Bourita made the announcement upon his return from Tehran, where he met with the Iranian Minister of Foreign Affairs, Mohammad Javad Zari.
The minister confirmed that Morocco has documented evidence of the connections between Polisario and Hezbollah, including names of supporters.
Morocco’s Ambassdor to Iran, Hassan Hami, departed the country and returned to Morocco today.
Chargé d’affaires of Iranian Embassy to Leave Morocco ‘Without Delay’
Nasser Bourita, said he will receive today the Chargé d’affaires of the Iranian embassy in Rabat to ask him to leave the Kingdom of Morocco “without delay.”
“I have just returned from Tehran where I had a meeting with Iranian Foreign minister Jawad Darif. I informed him of the decision of the Kingdom of Morocco to break off diplomatic relations with the Islamic Republic of Iran,” Bourita said during a meeting with representatives of the national and foreign press in Rabat.
Morocco’s ambassador in Tehran, Hassan Hami, left Iran today, Bourita, said.

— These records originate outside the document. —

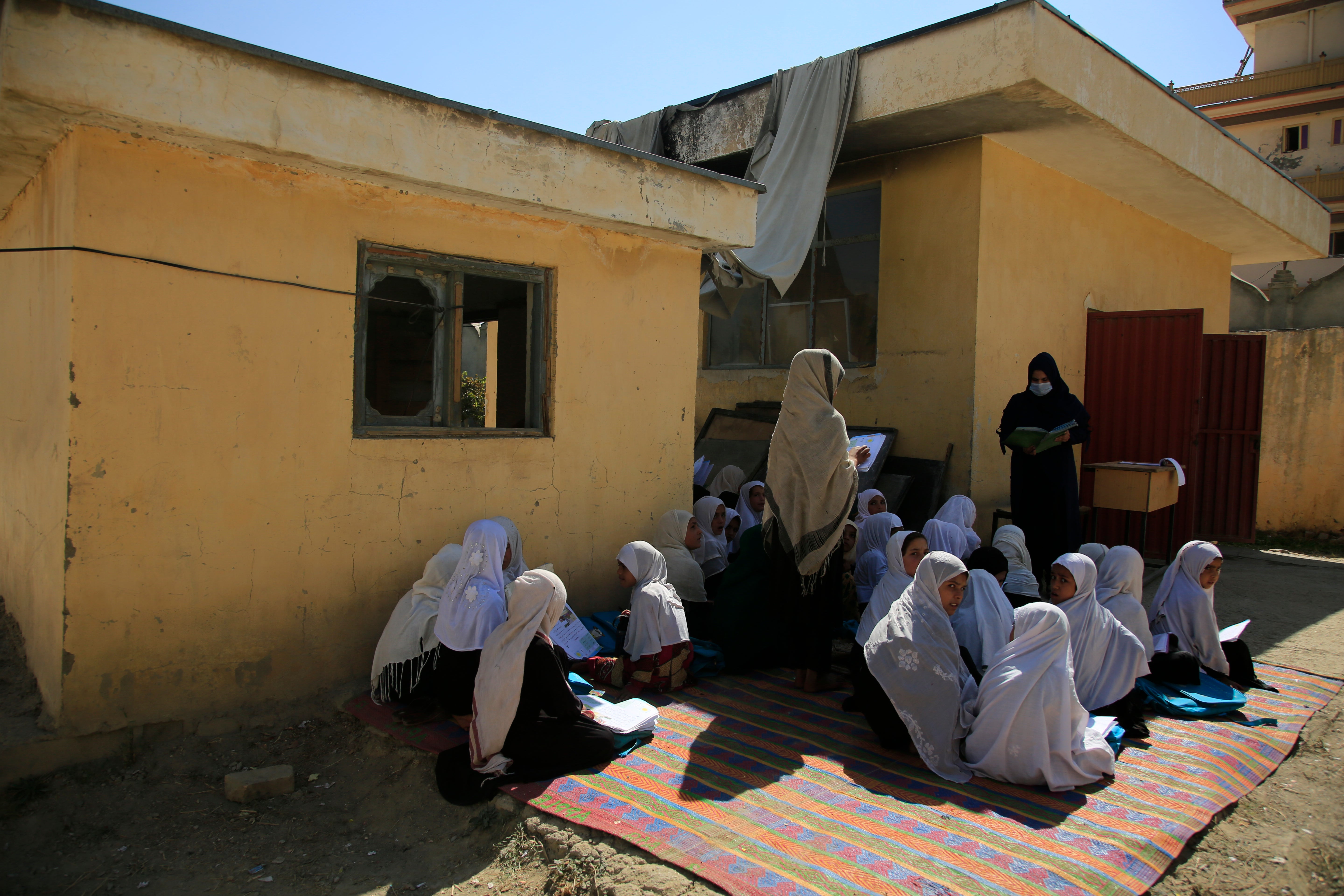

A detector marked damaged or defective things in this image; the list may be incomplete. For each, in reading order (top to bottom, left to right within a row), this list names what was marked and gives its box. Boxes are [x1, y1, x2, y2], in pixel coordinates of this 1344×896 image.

cracked wall surface [34, 127, 704, 736] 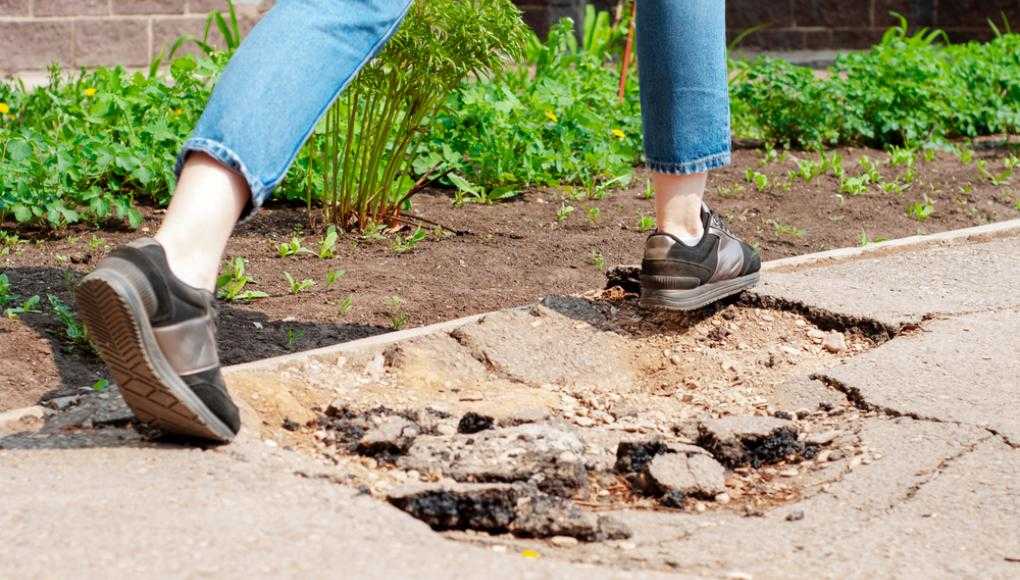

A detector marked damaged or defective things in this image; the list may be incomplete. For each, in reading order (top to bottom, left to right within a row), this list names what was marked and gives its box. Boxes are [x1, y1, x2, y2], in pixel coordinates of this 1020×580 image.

cracked asphalt [1, 228, 1020, 574]
pothole [234, 291, 889, 550] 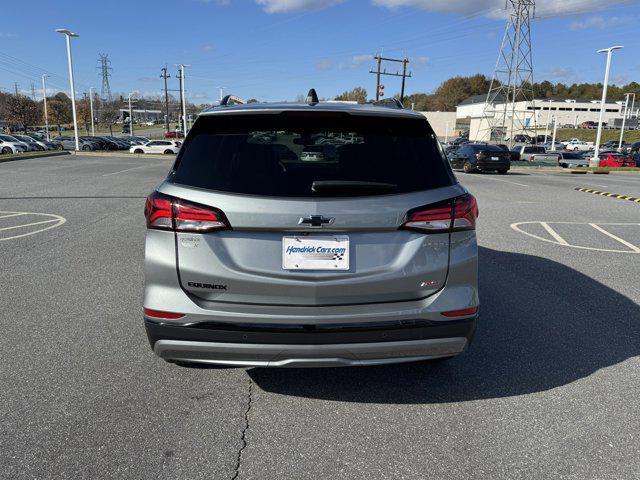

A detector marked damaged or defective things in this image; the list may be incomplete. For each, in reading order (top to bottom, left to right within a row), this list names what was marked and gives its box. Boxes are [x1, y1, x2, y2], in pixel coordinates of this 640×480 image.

crack in pavement [231, 378, 254, 480] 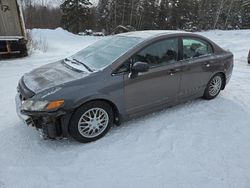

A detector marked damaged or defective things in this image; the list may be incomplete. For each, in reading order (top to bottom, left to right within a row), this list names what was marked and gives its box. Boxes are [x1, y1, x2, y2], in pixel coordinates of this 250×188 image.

crumpled hood [22, 61, 89, 93]
damaged front bumper [15, 94, 71, 139] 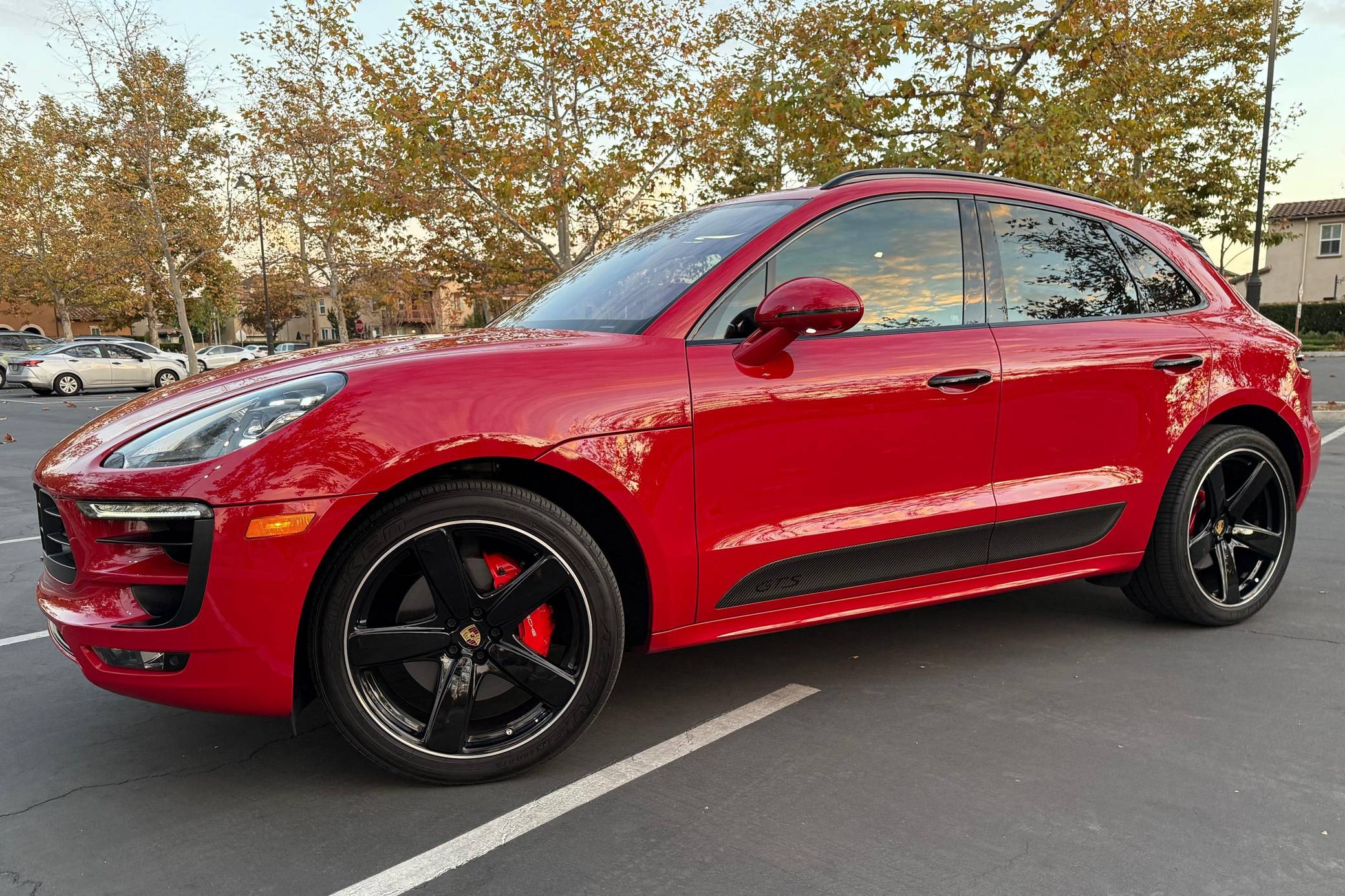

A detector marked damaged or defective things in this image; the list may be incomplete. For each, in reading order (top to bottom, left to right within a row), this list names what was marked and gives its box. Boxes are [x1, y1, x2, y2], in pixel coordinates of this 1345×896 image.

crack in asphalt [0, 721, 329, 818]
crack in asphalt [0, 866, 42, 893] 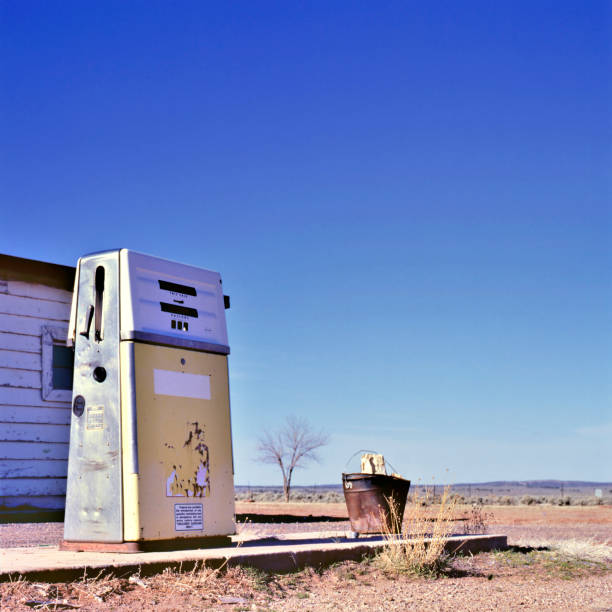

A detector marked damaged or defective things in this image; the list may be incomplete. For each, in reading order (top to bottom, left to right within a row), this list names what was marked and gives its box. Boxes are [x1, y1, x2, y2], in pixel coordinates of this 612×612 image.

rust stain on pump [165, 424, 210, 500]
rusty metal tub [340, 470, 412, 532] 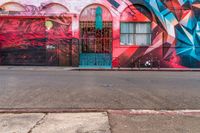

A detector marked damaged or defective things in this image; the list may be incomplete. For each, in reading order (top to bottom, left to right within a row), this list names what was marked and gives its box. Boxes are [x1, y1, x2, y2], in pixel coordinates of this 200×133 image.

crack in pavement [27, 113, 47, 133] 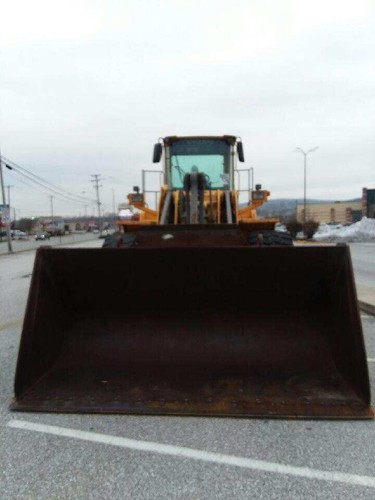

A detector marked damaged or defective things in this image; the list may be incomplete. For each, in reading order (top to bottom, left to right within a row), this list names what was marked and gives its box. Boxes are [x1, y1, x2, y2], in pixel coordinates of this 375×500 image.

rusty bucket [10, 246, 374, 418]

“I will receive the chargé d’affaires of the Iranian embassy in 30 minutes to ask him to leave the Kingdom of Morocco without delay,” added the minister,” he added.
“This decision is a reaction to the confirmed involvement of Iran through Hezbollah in an alliance with the ‘Polisario’ against national security and the higher interests of the Morocco,” Bourita told the press.
Bourita said that “Morocco has irrefutable evidence, identified names and specific facts that corroborate this connivance between the ‘Polisario’ and Hezbollah against the higher interests of Morocco.”
Tehran and Rabat’s Rocky Past
This is not the first time that Rabat has severed ties with Tehran. In 2009, Morocco severed all diplomatic ties with Iran, after Iran questioned Sunni rule in Shiite-majority Bahrain.
Although the two countries resumed their bilateral relations in 2014, ties between the nations were never stable, due to the fact that Tehran historically supported Polisario, and Iran denounced Morocco’s relations with Saudi Arabia.
More recently, in mid-March, Morocco thwarted Hezbollah’s ideological maneuvers in the Ivory Coast, specifically, a militant group attempting to convert Moroccans living in the West African country to Shi’a Islam.
Moroccan officials said on the occasion that the group was engaged in a broader strategy of ruining Moroccan interests by undoing its diplomatic and economic advances in Ivory Coast and other countries in the region.
In 2016, the Arab League and the Gulf Cooperation Council, which collectively encompass Bahrain, Kuwait, Oman, Qatar, Saudi Arabia, United Arab Emirates, Egypt, Iraq, Jordan, Lebanon, Saudi Arabia, and Yemen, categorized Hezbollah as a terrorist organization.
Lebanon, Iraq, Syria, and Algeria were the only member-states to reject the categorization.
Previously in 1981, Tehran cut ties with Rabat following King Hassan II’s decision to give asylum to the US-backed Shah, who had been forced into exile after the Iranian Revolution of 1979.
Today, although many nations, including the US and France, consider the entire Hezbollah organization a terrorist organization, other political bodies and nations, like the European Union and the UK, consider Hezbollah a political entity, condemning only the military wing of the group.
In addition to Iran, the Assad regime in Syria, Cuba, and North Korea maintain close relations with Hezbollah.